Extended Data Fig. 11. Confirmation of B cell depletion.

a, Gating strategy to identify B220⁺CD19⁺ cells in Isotype control, and Anti-CD20 injected WT and Acly KO mice. Briefly, cells were gated as follows: SSC vs FSC plot of lymphocytes population, FSC-H vs FSC-A to identify single cell population, FSC vs 7-AAD to identify live cells population, B220 vs CD19 to identify B220⁺CD19⁺ B cell population. b. B220⁺CD19⁺ cells in Iso (Isotype control) and Anti-CD20 (B cell-depleted)-injected WT or Acly KO mice. Data are presented as mean ± SEM, Significant reductions were observed in WT-Anti-CD20 (n = 4; P = 2.37 × 10^–6) and in Acly KO-Anti-CD20 (n = 7; P = 9.76 × 10^–8), compared to WT-Isotype control (n = 11)-injected mice. The Acly KO-Isotype control group included n = 8 mice. Statistical analysis was performed using one-way ANOVA followed by Fisher’s LSD test. Source data

Extended Data Fig. 12. Differential expression analysis in human MASH-HCC.

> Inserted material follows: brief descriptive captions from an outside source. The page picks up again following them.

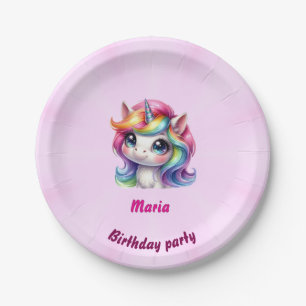 Paper & Party Plates cute unicorn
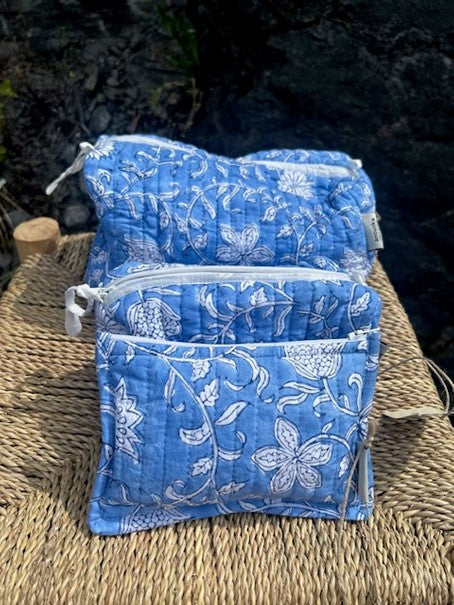 Sminkepung blokktrykket jeans blue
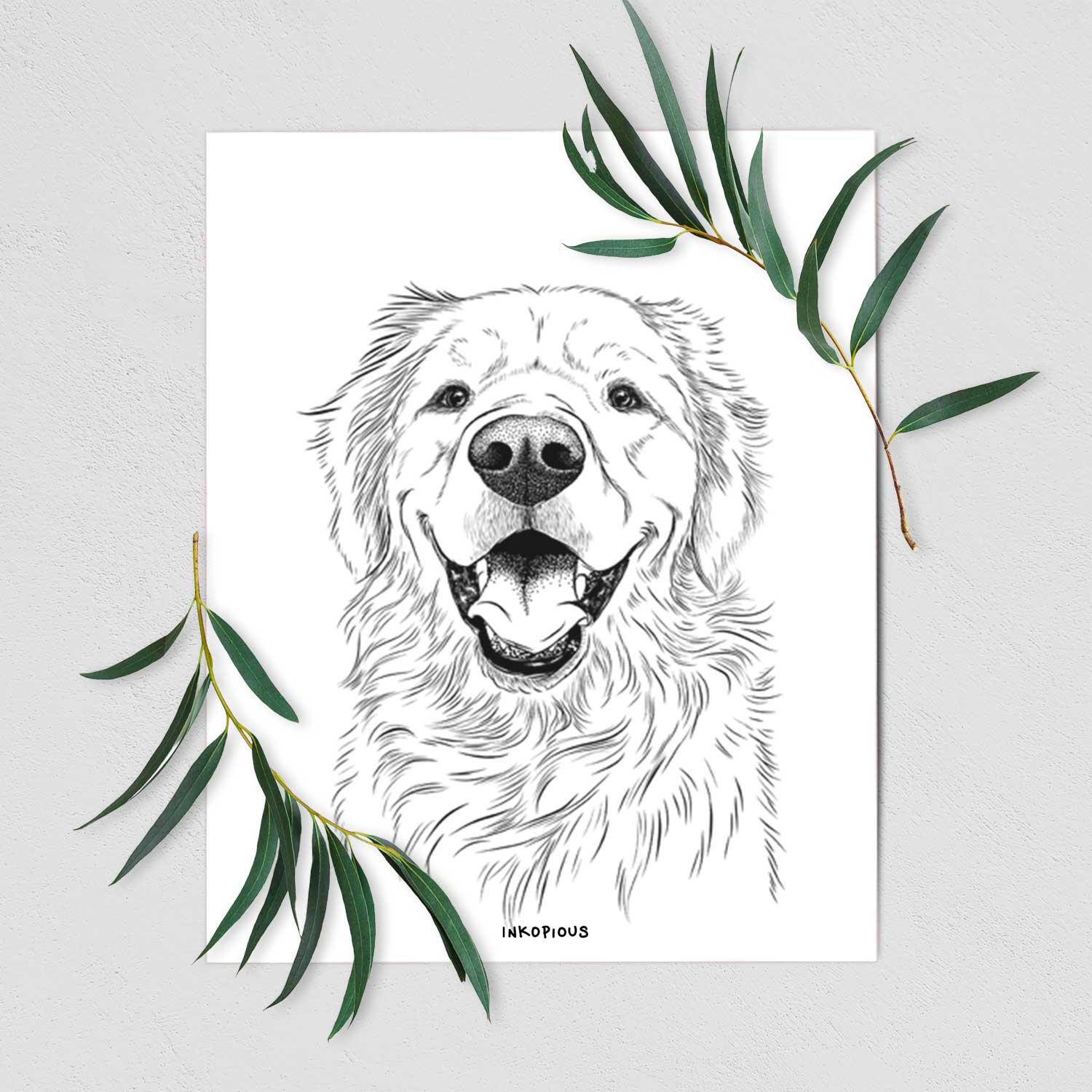 Roger the Golden Retriever Art Print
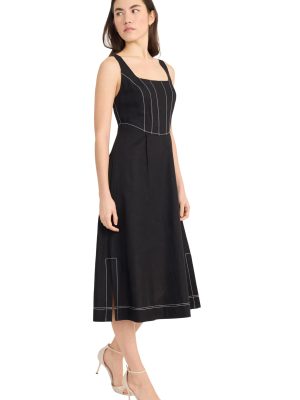 Women's Square Neck Midi Linen Rayon A-line Sleeveless Tailored Summer Wedding Guest Cocktail Dress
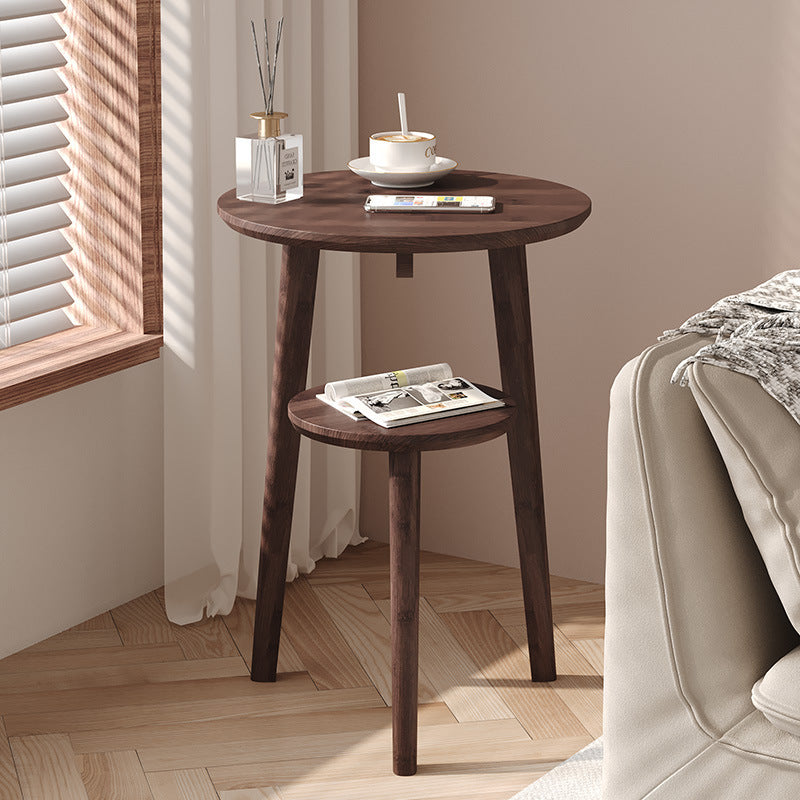 Moderner minimalistischer runder Nan-Bambus-Beistelltisch 2-stufig für das Wohnzimmer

a, Differential expression analysis comparing MASH-HCC (n = 53) and non-tumor adjacent liver (n = 29), MASH liver (n = 74), cirrhotic liver (n = 8), and healthy liver tissue (n = 6); two-tailed t-test; 5% FDR as implemented in limma. b, Overlap between significantly upregulated and downregulated genes in each pairwise comparison. c, Gene expression of lipogenic enzymes acetyl-CoA carboxylase (ACACA or ACACB), ACSS2, and FASN across disease states (MASH-HCC, n = 53; non-tumor adjacent, n = 29; MASH liver, n = 74; cirrhotic liver, n = 8; healthy liver, n = 6). Boxplot lines represent the first quartile, median, and third quartile. Whiskers connect the minimum and maximum values. d, ACLY upregulation in human MASH-HCC compared to all other tissue types using scRNAseq samples. Significance assessed using Wilcoxon rank-sum tests comparing each condition to MASH-HCC, with p-values adjusted using the Benjamini-Hochberg method. Exact p-adj values: vs healthy P_adj = 6.9 × 10⁻²⁴⁷, vs MALSD P_adj = 1.0 × 10⁻¹⁶, vs non-tumor adjacent P_adj = 1.6 × 10⁻¹⁸. e, Differential expression analysis of genes associated with ACLY expression in MASH-HCC; two-tailed t-test; 5% FDR as implemented in limma. f, Principal component embeddings of genes differentially expressed with respect to ACLY expression validate stratification of MASH-HCC tissues by high, medium, and low ACLY expression levels. g, Upregulation of CXCL13 among human MASH-HCC samples with reduced (bottom tertile, n = 18) relative to elevated (top tertile, n = 18) ACLY expression. Significance determined by two-tailed t-test with a false discovery adjusted threshold of 5% as implemented in limma. Boxplot lines represent the first quartile, median, and third quartile. Whiskers connect the minimum and maximum values. h, Identification of co-expression modules associated with ACLY expression and immune features. i, Significant biological processes associated with the immune and ACLY associated gene co-expression module.